После разрушения Пальмиры арабов пустыни начинают именовать в римских и персидских летописях сарацинами.

Во времена Хосрова II Персия провозгласила свою власть над Аравией, ее чиновники и сборщики податей были в Йемене. Перед этим Йемен находился под правлением абиссинских (эфиопских) христиан несколько лет, а до того на протяжении семи столетий там правили местные князьки, исповедовавшие, отметим это, иудейскую веру.

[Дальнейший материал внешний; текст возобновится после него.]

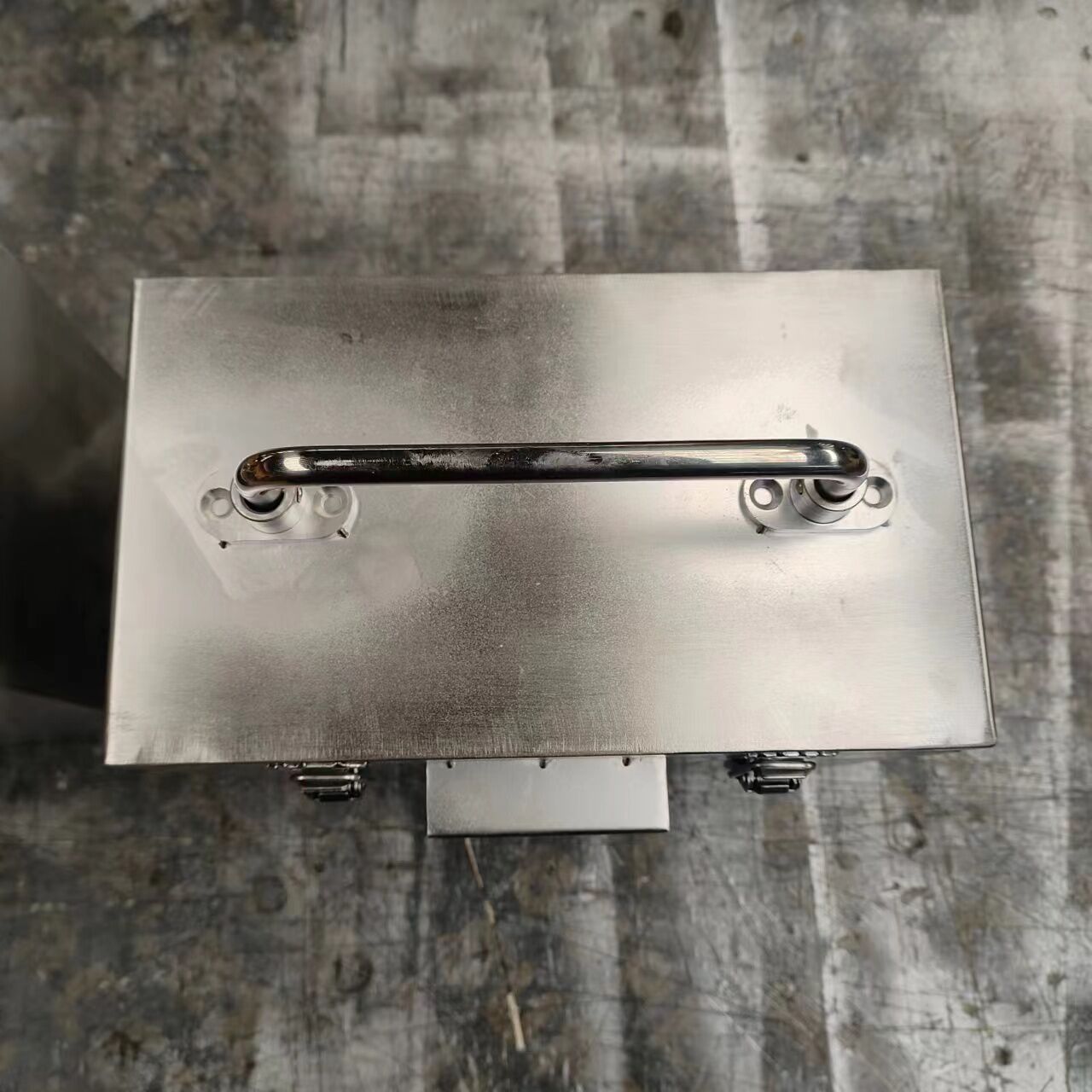 南通铅箱：辐射安全的坚固堡垒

Вплоть до начала VII в. н. э. не было никаких признаков необычной или опасной активности в аравийских пустынях. Жизнь в этих краях не менялась из поколения в поколение. Там, где были более-менее плодородные лоскутки земли — возле родника или колодца, — селилось скудное земледельческое население, ютившееся в городках, обнесенных стенами. Стены приходилось строить из опасения перед бедуинами, которые кочевали со своими овцами, коровами и лошадьми по пустыне. На основных караванных путях появлялись и более крупные города — там жизнь, по местным меркам, могла претендовать на то, чтобы называться зажиточной.